Part IV · Ch. 15 — Expert System
Symbolic · Knowledge/diagnosis · Rule base + inference engine. Captures a human expert's knowledge in explicit rules and infers conclusions. Card:
../02-types-of-ai/01-symbolic.kmd.
🎨 Figure
F-IV.15.0— Rules that diagnose. Brief: an IF-THEN rule base feeding an inference engine that chains facts to a conclusion, with an explanation of the path.
1. Definition and short history
A program that reasons via production rules in a narrow domain. Its heyday in the 1970s-80s (MYCIN, DENDRAL, XCON) — see Part III, era 3.
2. Foundations
- Logic — rules, chaining, modus ponens.
- Knowledge engineering — extracting and formalizing expertise.
- Philosophy / epistemology — knowledge representation.
3. Algorithms and architectures
- Rule base + fact base + inference engine.
- Chaining — forward (data→conclusion) and backward (goal→evidence).
- Rete — efficient rule matching.
- Explanation — traces the inference path (transparency).
4. Inputs
- Hardware: CPU; lightweight.
- Data: knowledge elicited from experts (not training data).
- Data structures: rules, working memory, Rete network.

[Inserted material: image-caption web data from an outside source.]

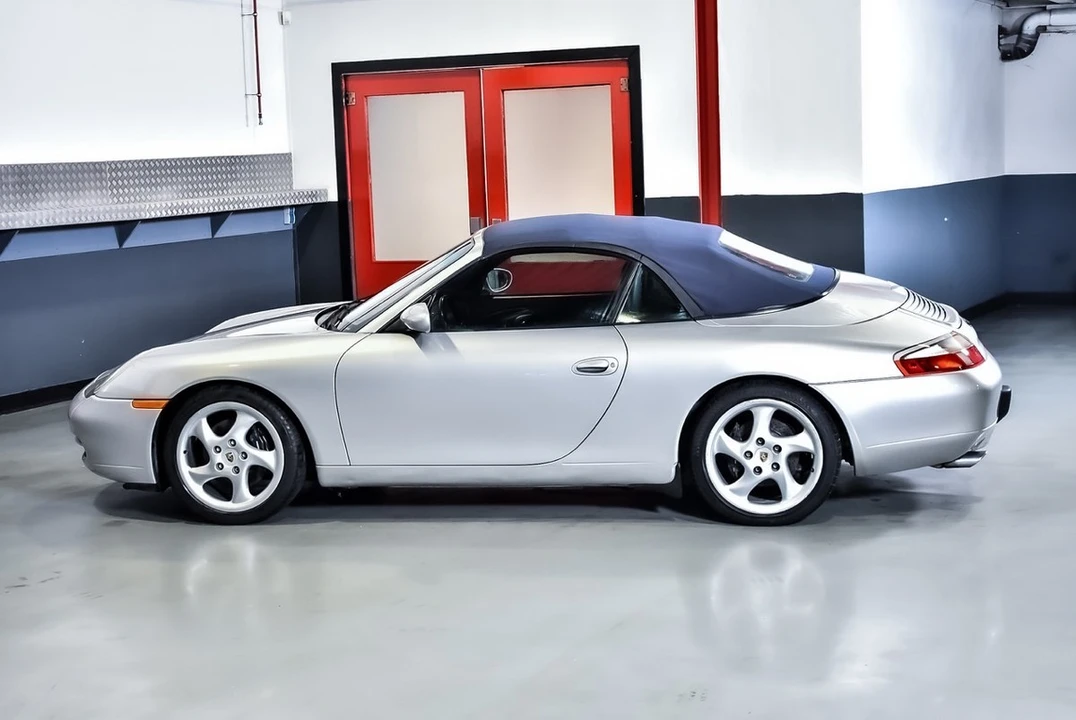 2000 Porsche 996 Carrera - Image 26 of 31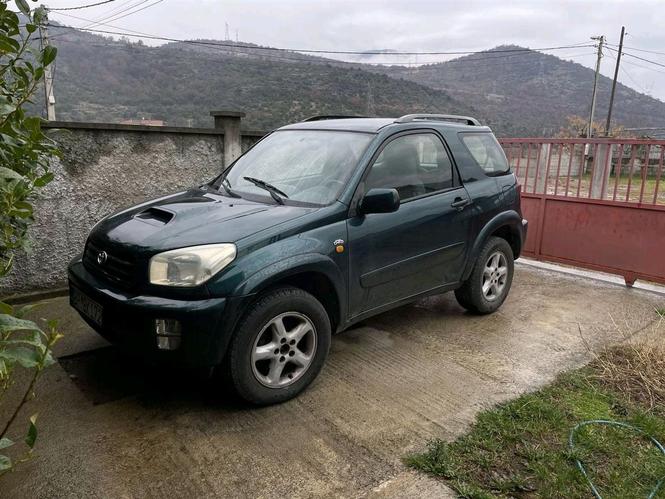 Prodajem Tojotu Rav 4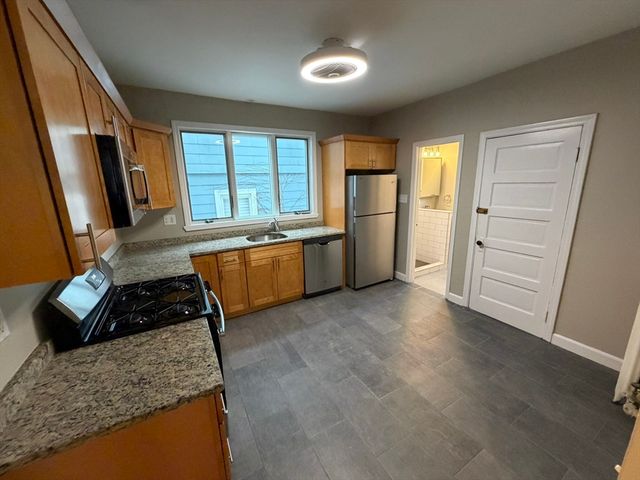 37-39 Belknap St. B, Somerville, MA 02144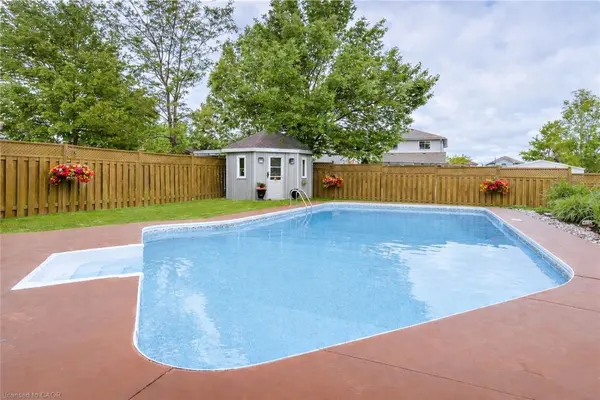 685 COLDSTREAM DR W, Waterloo, ON N2V 2J1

- Systems: expert-system shells (CLIPS, Drools).
5. Specialized lifecycle
| Stage | Specialization |
|---|---|
| 0 Problem | Narrow, well-defined domain with clear expertise |
| 1 Data | Knowledge elicitation (interviews), not data collection |
| 2 EDA | Validate consistency/completeness of the rules |
| 3 Modeling | Structure the rule base + inference strategy |
| 4 "Training" | No statistical training — there is rule coding |
| 5 Evaluation | Accuracy vs experts; case coverage |
| 5.5 Homologation | Test cases, rule conflicts, expert validation |
| 6 Production | The engine runs over new facts; explanation to the user |
| 7 Monitoring | Uncovered cases, conflicting rules |
| 8 Maintenance | Update rules (expensive — no re-training) |
| 9 Governance | Accountability of the knowledge, auditability (strong) |
6. Capabilities, modes and modalities
Intellectual/diagnostic: diagnosis, configuration, help desk, compliance; fully explainable and auditable.
7. Limits, risks and ethics
Brittleness (fragile outside its scope); maintenance cost; does not learn on its own; knowledge acquisition bottleneck. Its strength: total transparency.
8. State of the art and examples
Business-rule engines (Drools), compliance and configuration systems; a revival in neuro-symbolic hybrids (ch. 32), where they provide the verifiable layer.